Start of Block

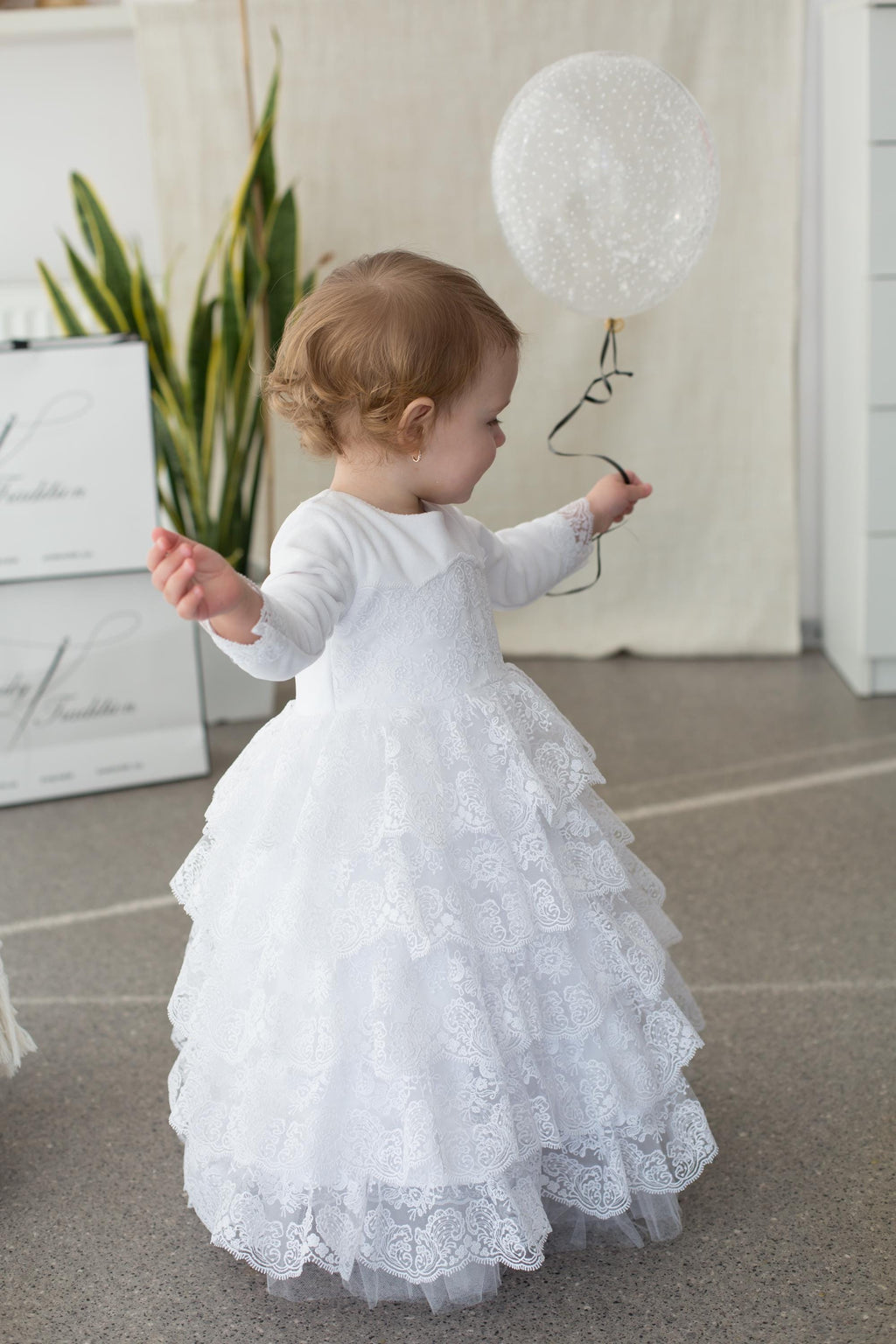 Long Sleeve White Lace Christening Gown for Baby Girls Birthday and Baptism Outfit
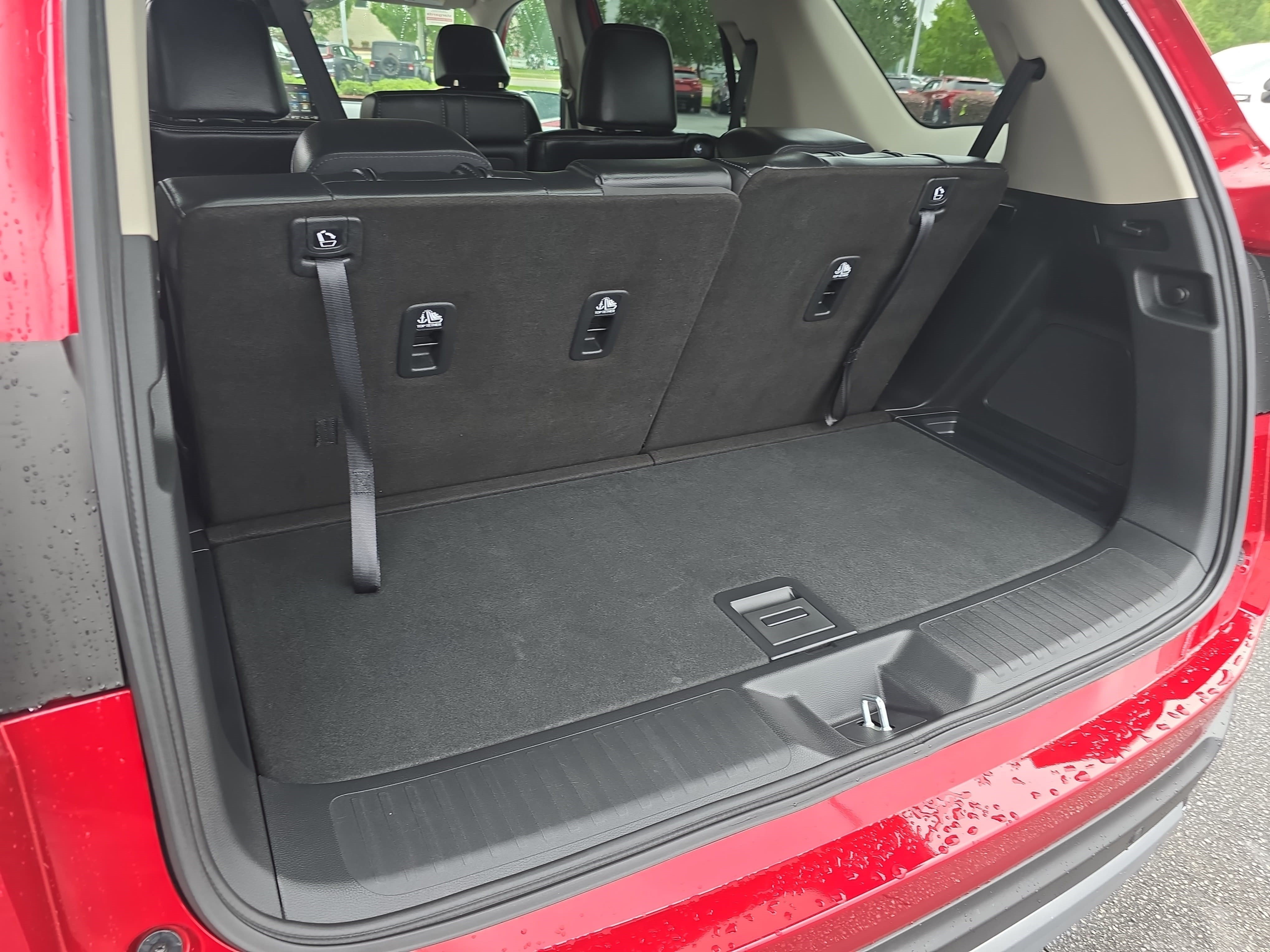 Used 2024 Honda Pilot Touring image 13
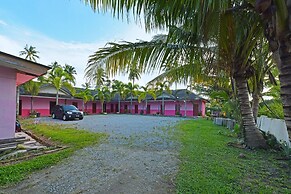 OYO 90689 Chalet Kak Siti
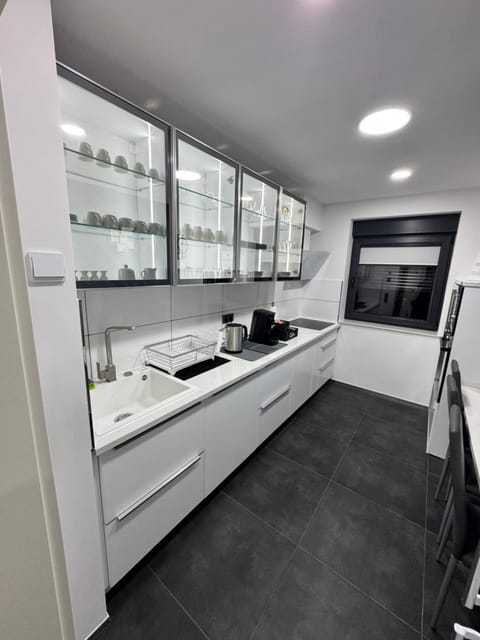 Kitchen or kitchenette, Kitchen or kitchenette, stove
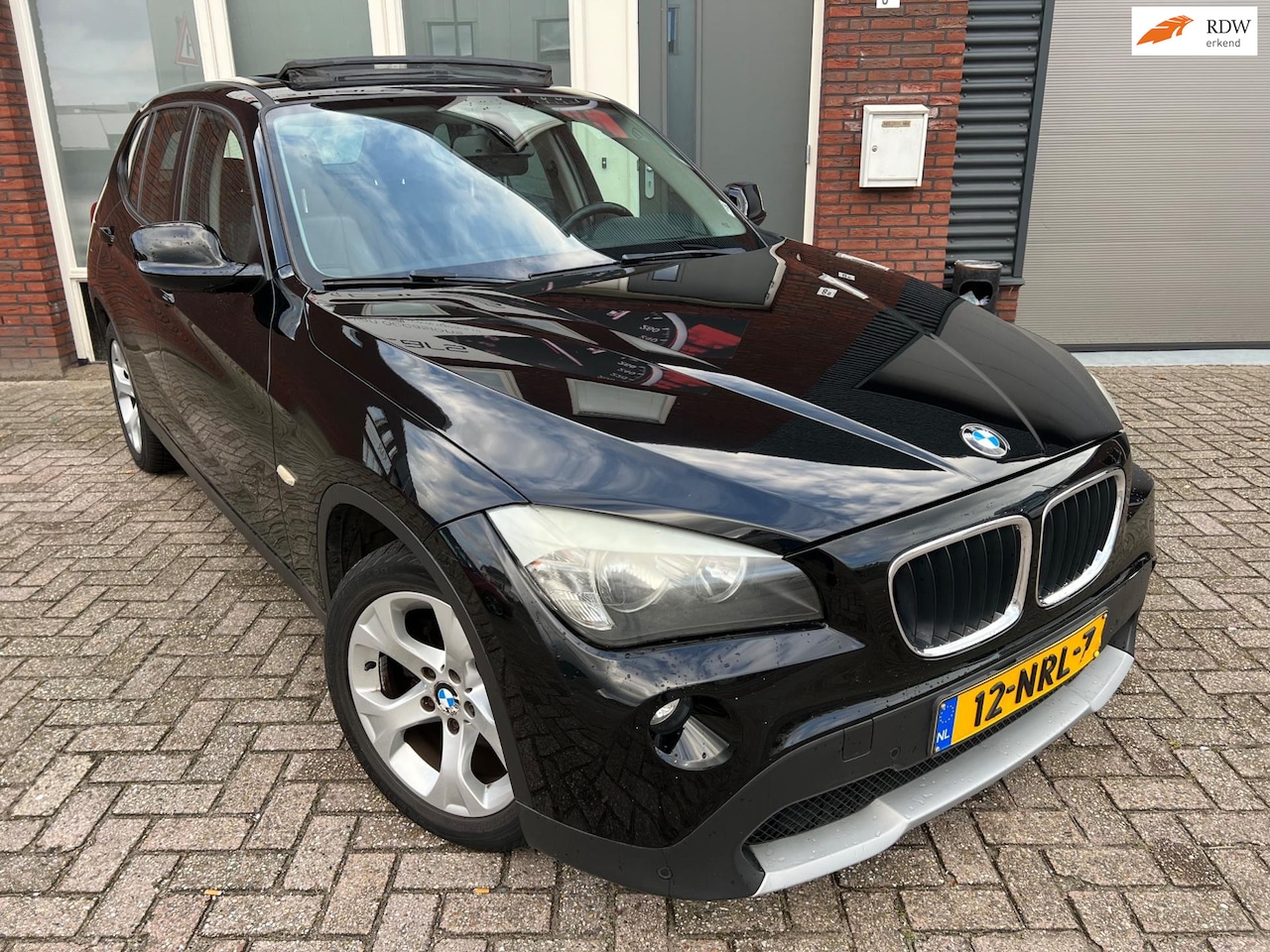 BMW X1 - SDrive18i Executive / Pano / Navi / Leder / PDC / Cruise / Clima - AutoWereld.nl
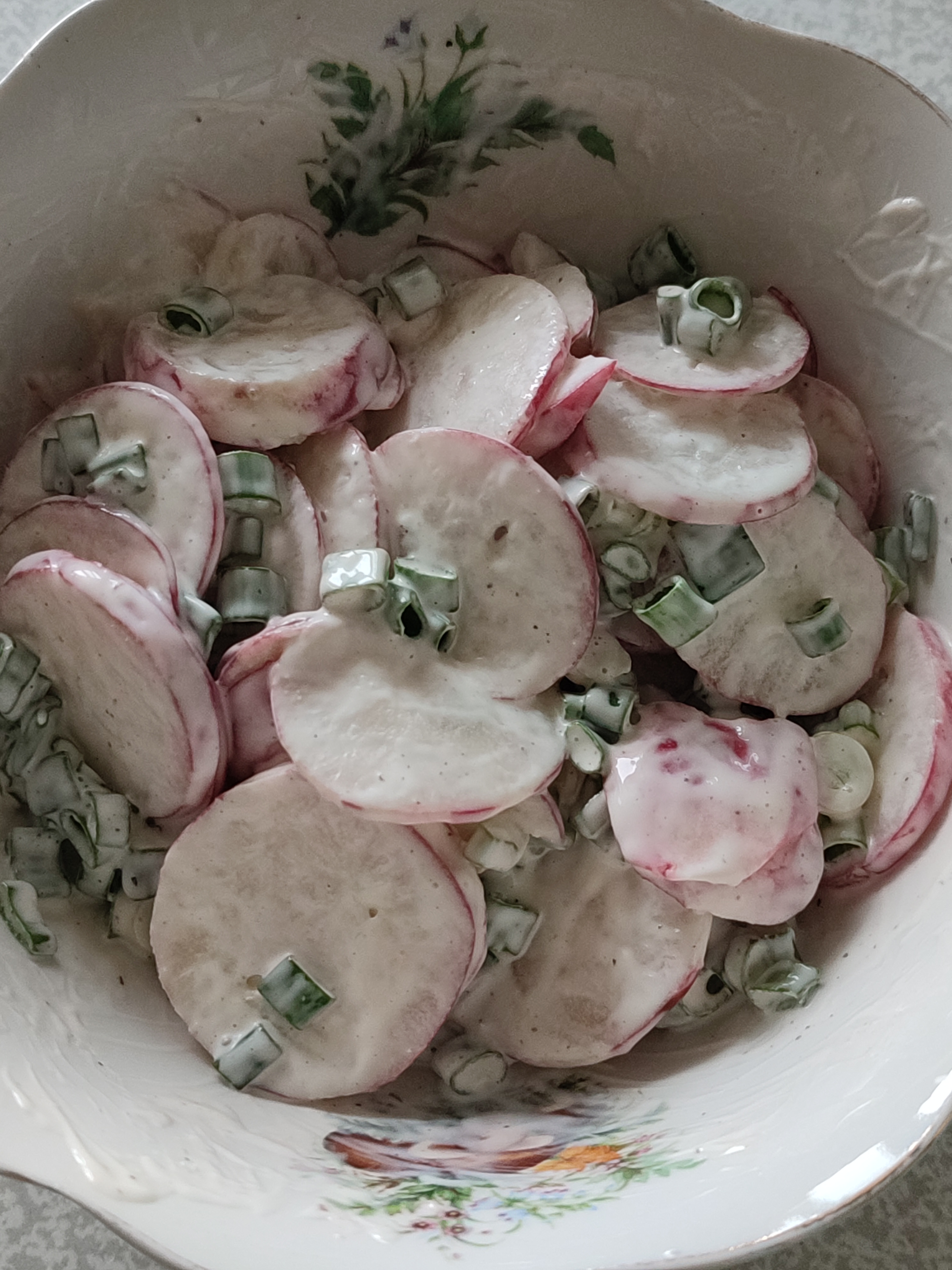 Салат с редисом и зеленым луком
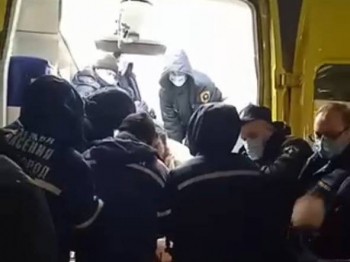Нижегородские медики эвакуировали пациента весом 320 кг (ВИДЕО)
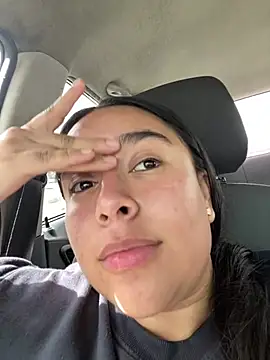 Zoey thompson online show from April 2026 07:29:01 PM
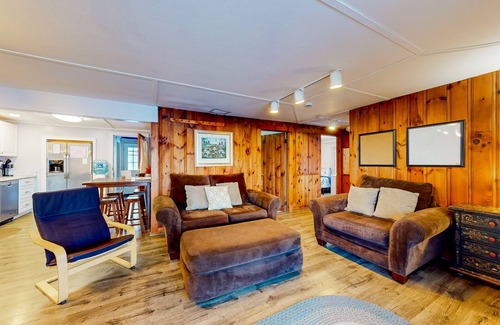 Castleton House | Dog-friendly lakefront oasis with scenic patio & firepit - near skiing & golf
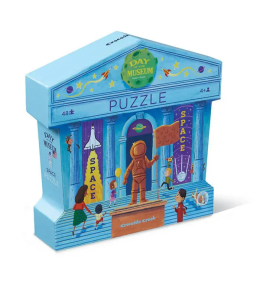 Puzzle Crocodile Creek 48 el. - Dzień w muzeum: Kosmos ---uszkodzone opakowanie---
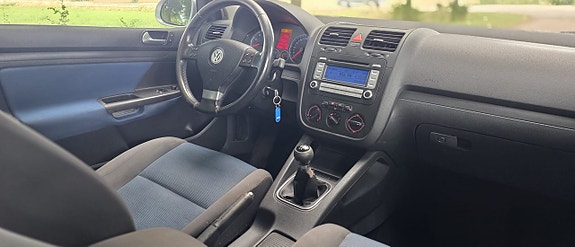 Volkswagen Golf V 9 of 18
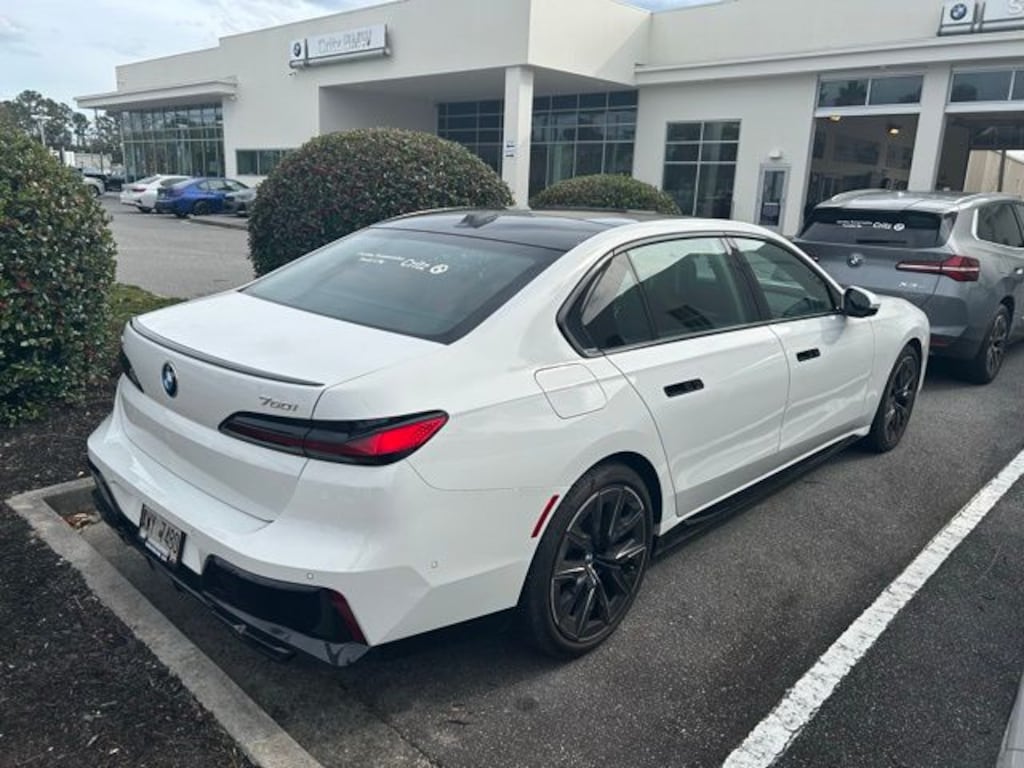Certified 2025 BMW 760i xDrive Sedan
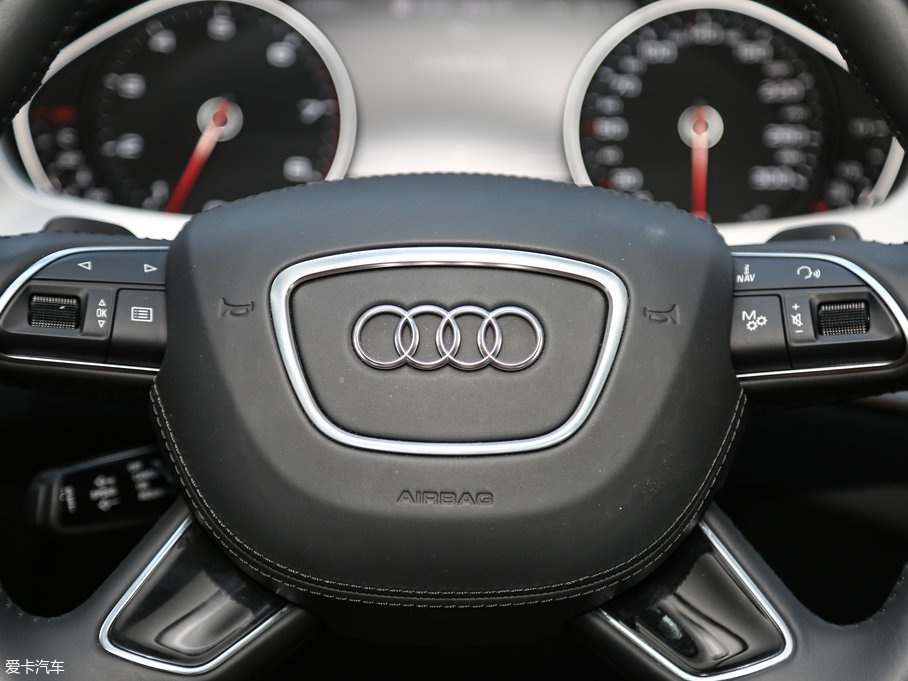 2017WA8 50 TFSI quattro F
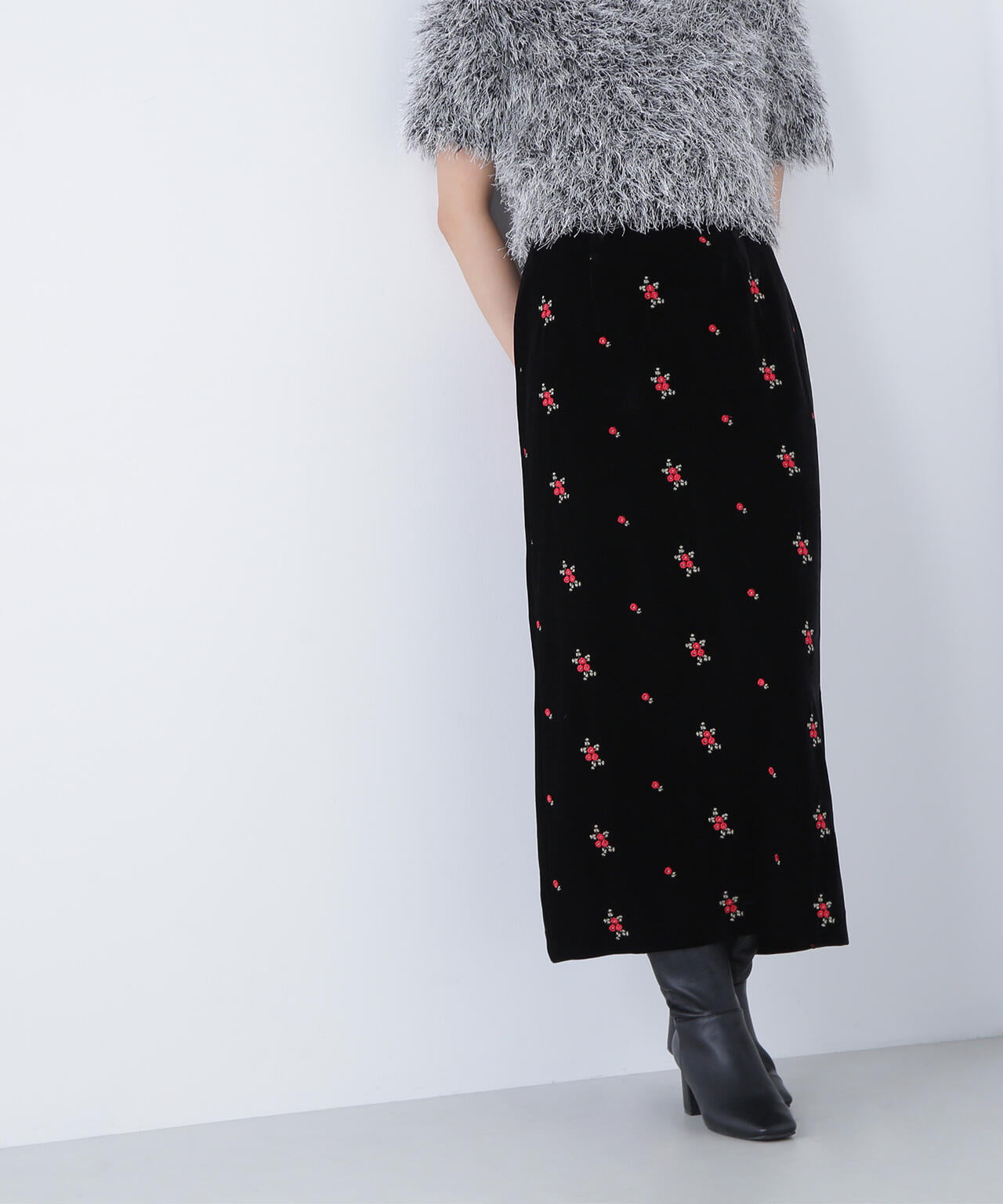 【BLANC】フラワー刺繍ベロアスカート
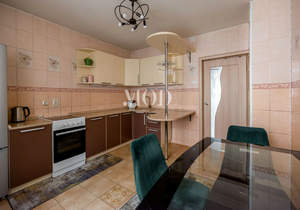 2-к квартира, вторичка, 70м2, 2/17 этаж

End of Block

* THE TASK: Begin at the line containing "Kitchen or kitchenette, Kitchen" and restate exactly every line through the end of the material, skipping the pictures.

* RESULT OF THE TASK:
 Kitchen or kitchenette, Kitchen or kitchenette, stove
 BMW X1 - SDrive18i Executive / Pano / Navi / Leder / PDC / Cruise / Clima - AutoWereld.nl
 Салат с редисом и зеленым луком
Нижегородские медики эвакуировали пациента весом 320 кг (ВИДЕО)
 Zoey thompson online show from April 2026 07:29:01 PM
 Castleton House | Dog-friendly lakefront oasis with scenic patio & firepit - near skiing & golf
 Puzzle Crocodile Creek 48 el. - Dzień w muzeum: Kosmos ---uszkodzone opakowanie---
 Volkswagen Golf V 9 of 18
Certified 2025 BMW 760i xDrive Sedan
 2017WA8 50 TFSI quattro F
 【BLANC】フラワー刺繍ベロアスカート
 2-к квартира, вторичка, 70м2, 2/17 этаж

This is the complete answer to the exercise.